Scaling with a monorepo. Google, Microsoft, Facebook, Uber, Airbnb, and Twitter all use monorepos. Why?

  • Shared tooling – projects can share build and CI/CD pipelines and other tooling. Creating a new project is as simple as creating a folder.
  • Dependency management – ensures that when a shared library is updated, tests can be run against all consumers and all consumers must be updated. Not guaranteed to keep you out of the Nine Circles of Dependency Hell but goes a long way.
  • Code transparency
  • Atomic commits – two dependent projects can be changed at the same time.

Starting with a monorepo. This is not as popular of a strategy, but I believe that starting with a monorepo is often the right choice.
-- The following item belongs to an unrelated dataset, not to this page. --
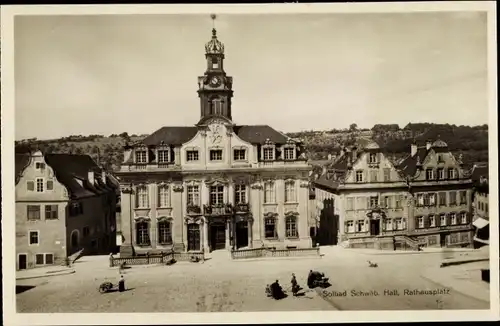 Ak Schwäbisch Hall in Baden Württemberg, Rathausplatz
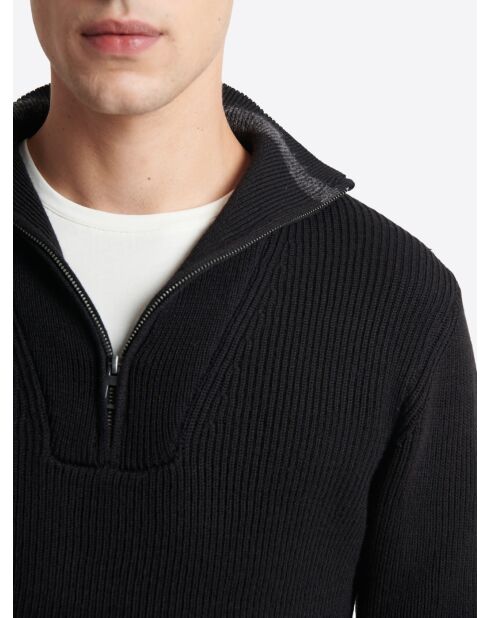 Pull zippé en Laine mérinos mélangée noir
  • Context-switching between projects is simpler.
  • Service boundaries might not be well-defined or constantly changing early on. Prematurely code-splitting can mean an enormous hit to developer productivity.
  • Guards against toolchain sprawl to some degree. If everything is in one repository, it's much more natural to want to reuse existing code and keep the number of concepts small.

The trough of despair. If you're a medium size organization, monorepos can be tough. You'll need to build bespoke tooling to handle most things.

  • Authorization. How do you control who has merge rights to different parts of the code? Before GitHub had the OWNERS files, teams had to build this tooling themselves (e.g. Kubernetes built this).
  • Build tooling. Multi-language build scripts can quickly become slow. Moving to an entire build system like Bazel or Pants can be even slower. What changes need to be recompiled and what tests need to be re-ran on code changes?
  • Merge queues. Merge requests can pile up and become difficult to merge, requiring a special ordering or constant maintenance to keep them up to date. Merge queues bundle these changes and merge them at the same time. There's not many off the shelf tools that do this.
  • Secret management, environment management, and a host of other issues that require a dedicated developer experience and platform team.

If I were starting a project today, I'd most certainly start off with a monorepo. As services start to evolve and the application becomes more complex, I'd split it into the minimum number of repositories, making sure that highly dependent services still stayed in the same repository.